I need to be able to have rules that let me move email automatically after it's been read or after it's been in the Inbox for some time. But that's not really possible with most server side rules engines (they only look at mail when it arrives), client side rules engines are dead and I don't use email from a fixed desktop machine anyway, and I'm not going to write an imap based filtering engine (I did it once on company equipment, and it wasn't fun enough to do it again).

So Inbox 40,000 it is.



I've recently started writing an app intended for a raspberry pi that uses IMAP to automate this exact thing.
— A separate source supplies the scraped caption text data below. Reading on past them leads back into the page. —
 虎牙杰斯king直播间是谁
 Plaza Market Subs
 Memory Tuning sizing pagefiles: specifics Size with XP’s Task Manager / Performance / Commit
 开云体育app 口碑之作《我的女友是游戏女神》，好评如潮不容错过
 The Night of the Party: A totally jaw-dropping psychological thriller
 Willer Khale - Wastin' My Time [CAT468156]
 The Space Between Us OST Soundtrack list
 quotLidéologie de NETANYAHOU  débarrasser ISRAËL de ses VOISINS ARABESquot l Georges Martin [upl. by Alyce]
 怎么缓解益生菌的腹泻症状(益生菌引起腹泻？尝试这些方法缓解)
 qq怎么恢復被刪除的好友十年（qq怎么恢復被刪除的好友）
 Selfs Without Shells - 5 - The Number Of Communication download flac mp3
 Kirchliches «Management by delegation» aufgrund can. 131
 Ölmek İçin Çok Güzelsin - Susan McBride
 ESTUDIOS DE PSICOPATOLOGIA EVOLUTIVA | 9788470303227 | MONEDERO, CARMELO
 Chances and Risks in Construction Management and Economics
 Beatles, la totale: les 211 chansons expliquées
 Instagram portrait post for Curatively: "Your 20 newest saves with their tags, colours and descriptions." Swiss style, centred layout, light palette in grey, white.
The goal is for it to apply the rules and followup with actions while still letting me interact with my email from any client I want.


A rules engine is our primary next focus at Marco. What you're describing is exactly the way email should work.

https://marcoapp.io


If you need more inspiration, I used to use Pegasus Mail, and I'd have a small number of filters on Inbox open: there were some lists I was on that didn't need to ever be in the inbox, and most of my filters on Inbox close: move read or timed out mail into folders it belonged; read mail with no other rule would end up in Archive/YYYY-qQ; I found quarterly was the best granularity, monthly archive folders were too fiddly. But modal flow like that isn't very current.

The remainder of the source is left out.